• **WHAT YOU NEED TO DO**
Word for word, set down every line of the entries below from the line with "is important link" to the line with "KONG PUPPY KONG M", including both, and no other line.

• **DATA**
———

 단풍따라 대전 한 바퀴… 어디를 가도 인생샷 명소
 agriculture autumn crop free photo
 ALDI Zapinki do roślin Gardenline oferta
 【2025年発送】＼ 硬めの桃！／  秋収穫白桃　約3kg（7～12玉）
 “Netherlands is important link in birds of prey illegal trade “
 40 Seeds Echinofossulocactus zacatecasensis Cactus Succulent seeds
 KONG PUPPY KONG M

———

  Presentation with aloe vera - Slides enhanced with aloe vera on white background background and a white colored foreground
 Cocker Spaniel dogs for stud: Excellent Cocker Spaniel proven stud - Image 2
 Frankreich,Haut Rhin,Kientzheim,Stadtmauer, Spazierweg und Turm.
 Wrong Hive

———

• **OUTPUT FOR THIS EXERCISE**
 “Netherlands is important link in birds of prey illegal trade “
 40 Seeds Echinofossulocactus zacatecasensis Cactus Succulent seeds
 KONG PUPPY KONG M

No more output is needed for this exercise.